Exploring the dark, puzzling inner workings of Facebook

4 min read

Reporter who wrote about whistleblower documents outlines findings at Kennedy School event

Republicans think Facebook is silencing conservative voices because Silicon Valley is full of  Democrats. Democrats think Facebook is promoting right-wing hate speech and dangerous conspiracy theories because it’s profitable.

“The answer is that Facebook is deeply partisan in favor of Facebook,” said Jeff Horwitz, a technology reporter for The Wall Street Journal who led the paper’s investigation into the company’s abandoned effort to tamp down political polarization on the platform after the 2020 election. The inquiry offered an unprecedented look into the inner workings of the enormously popular and influential social media service.

In conversation with Latanya Sweeney, Daniel Paul Professor of the Practice of Government and Technology, at Harvard Kennedy School on Nov. 1, Horwitz said the public’s understanding of Facebook and its motivations is quite outdated.

“It’s not that Mark Zuckerberg is just trying to get another buck. It’s not that the company is some sort of evil force that is trying to affect our politics in one way or another,” he said. “It’s they built a thing, tremendously successful, and in very typical Silicon Valley fashion, did not really think that much about externalities … and then realized very late in the game that their products had some significant deleterious effects around the world.”

The 14-part Journal series, known as “The Facebook Files,” was based on tens of thousands of internal documents provided by whistleblower Frances Haugen, which included research and employee communications about negative social and political effects Facebook and Instagram had facilitated.

The still ongoing series showed that the company knew that Instagram damaged the mental health of teen girls. It also found that despite public statements to the contrary, Facebook applied rules to limit abusive behavior by users — including harassment and incitement to violence — and it did so unevenly, often giving a free pass to celebrities and high-profile political figures.

Outside the U.S., where regulation or enforcement is “minimal,” Horwitz said, the platform remains a haven for trafficking of humans and body parts, radicalization by terrorists, and foreign interference in elections.

He said one fact that shocked him most was learning that many of the issues Facebook had been pilloried for “seemed solvable.”
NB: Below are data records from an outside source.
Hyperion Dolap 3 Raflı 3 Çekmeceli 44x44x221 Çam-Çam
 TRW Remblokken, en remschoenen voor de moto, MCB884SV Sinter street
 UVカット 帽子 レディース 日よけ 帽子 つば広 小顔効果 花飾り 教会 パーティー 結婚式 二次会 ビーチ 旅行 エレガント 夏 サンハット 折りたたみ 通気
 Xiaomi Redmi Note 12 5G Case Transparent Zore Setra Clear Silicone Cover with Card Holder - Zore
Despite company claims that platform changes to curb the widespread sharing of misinformation or hate speech would be hard to develop and implement or would involve vague “trade-offs,” for example, he said many solutions had already been developed internally and were fairly easy to implement, he said.

There appeared to be many areas where Facebook simply opted not to act to address the issues and minimize public fallout with fixes that wouldn’t really damage “the underlying business that heavily. And I’m still trying to figure out why that is.”

Ideas such as eliminating the reshare button (“just kill it”) or limiting how far reshares can travel. “That alone was a very effective tool that required zero staffing and no hard choices in terms of censorship,” he said.

Slowing how fast content is shared is another effective tool the company knows would cut down on misinformation, as its research showed cutting the speed of the fastest shared posts to the 85 percentile yields “double digit” result in terms of the content Facebook has already classified as misinformation, he said.

But Horwitz demurred when asked what should be done. He said the goal he and Haugen had for the series was not “necessarily” to deliver solutions, but to update and expand the public’s understanding of Facebook, disclose how the company understood itself, and figure out why it seemed “tone deaf” to the problems.

Facebook has criticized the conclusions about teen body image, saying the Journal’s reporting is based on noncausal research.

“And they are totally correct,” Horwitz said. “It does represent, however, the company’s best understanding of reality.”

As Facebook faces its worst public-relations crisis yet, Sweeney asked whether employees can still feel comfortable raising questions internally about the company’s actions. Horwitz answered, “Probably not.”

He said the company’s ongoing culture of secrecy remains deeply problematic for Facebook and the world, pointing out the value of Haugen’s documents stems largely from the fact that its the largest single tranche of information about the 17-year-old company ever made public.

“Frances Haugen talking to me is not a functional system of getting information about the world’s most widely-used communications platform.”